7:00 – 3:30 ASRC
- Paper
- More on contributions. Realized that I need a figure showing the relationships between individual and group behaviors.
- Found Driving a Wedge Between Evidence and Beliefs – How Online Ideological News Exposure Promotes Political Misperceptions. Nice look about awareness vs belief. The question is how this manifests. It could be that a person who believes false information may spend a lot of time looking at opposition information and as such creates an explorer pattern? Added to the paper archive.
- Added model feedback to section 5.4.6.2
- Code
- Build class(s) that uses some of the CorpusBuilder (or just add to output?) codebase to
- Access webpages based on xml config file
- Read in, lemmatize , and build bag-of-words per page (configurable max). Done. Took out DF-ITF code and replaced it with BagOfWords in DocumentStatistics.
- Write out .arff file that includes the following elements
- @method (TF-IDF, LSI, BOW)
- @source (loomings, the carpet bag, the spouter inn, the counterpane)
- @title (Moby-dick, Tarzan)
- @author (Herman Melville, Edgar Rice Burroughs)

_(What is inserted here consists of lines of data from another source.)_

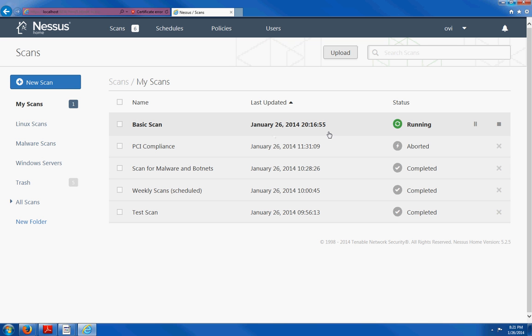This was a short review of the Nessus vulnerability scanner. I hope you liked this video. Thanks for watching. Again, I am Ovi of Ovidurant.com. Thanks again. See you soon.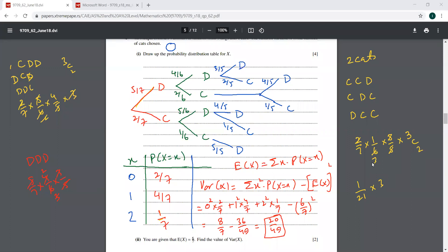Could I use the binomial distribution formulas here? Yes — go ahead.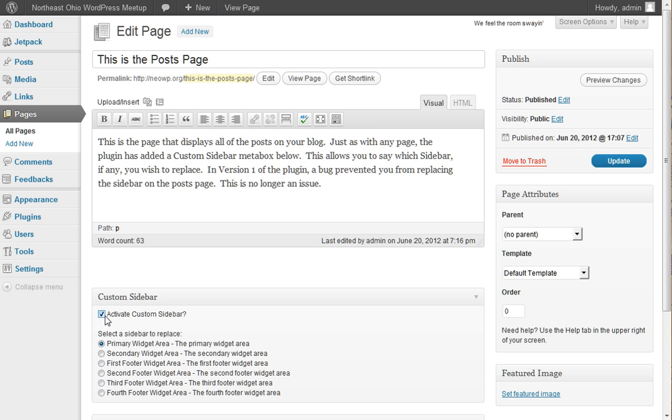And inside that meta box, we have a checkbox to activate a custom sidebar and choose which of the sidebars you want to replace. So you can replace any one of these sidebars. And in checking this value here,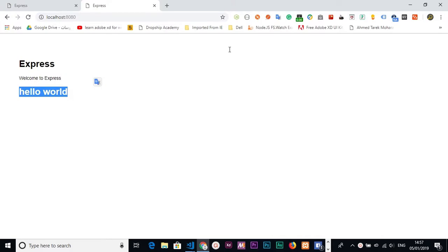This is a simple way to learn how to integrate Express and Webpack Dev Server easily without confusion. Thank you for watching — don't forget to follow and subscribe if you're on YouTube, and like this video if you found it helpful.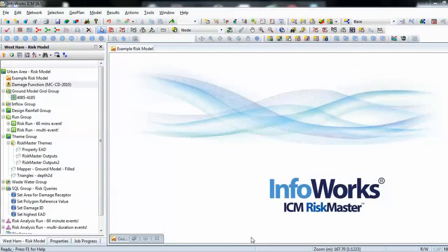In this video tutorial we're going to look at the process of adding risk functionality to a standard Infoworks ICM 1D 2D hydraulic model. Hydraulic models are typically used to predict where flooding will occur and the depth of flooding at any particular property. However they can't predict the actual damage, whether financial or structural, that's likely to be caused to properties and other buildings as a result of the hydraulic analysis.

- @words (nantucket,harpooneer,queequeg,landlord,euroclydon,bedford,lazarus,passenger,circumstance,civilized,water,thousand,about,awful,slowly,supernatural,reality,sensation,sixteen,awake,explain,savage,strand,curbstone,spouter,summer,northern,blackness,embark,tempestuous,expensive,sailor,purse,ocean,tomahawk,black,night,dream,order,follow,education,broad,stand,after,finish,world,money,where,possible,morning,light)
- So a line should look something like
- LSI, chapter-1-loomings, Moby-dick, Herman Melville, 0,0,0,0,0,0,0,5,0,0,7,4,3,0,0,0,0,0,0,0,0,0,0,0,0,0,0,0,0,0,0,5,3,3,0,0,0,0,2,0,0,0,5,0,0,3,4,2,0,0,0
- Updated LabledMatrix2D to generate arff files.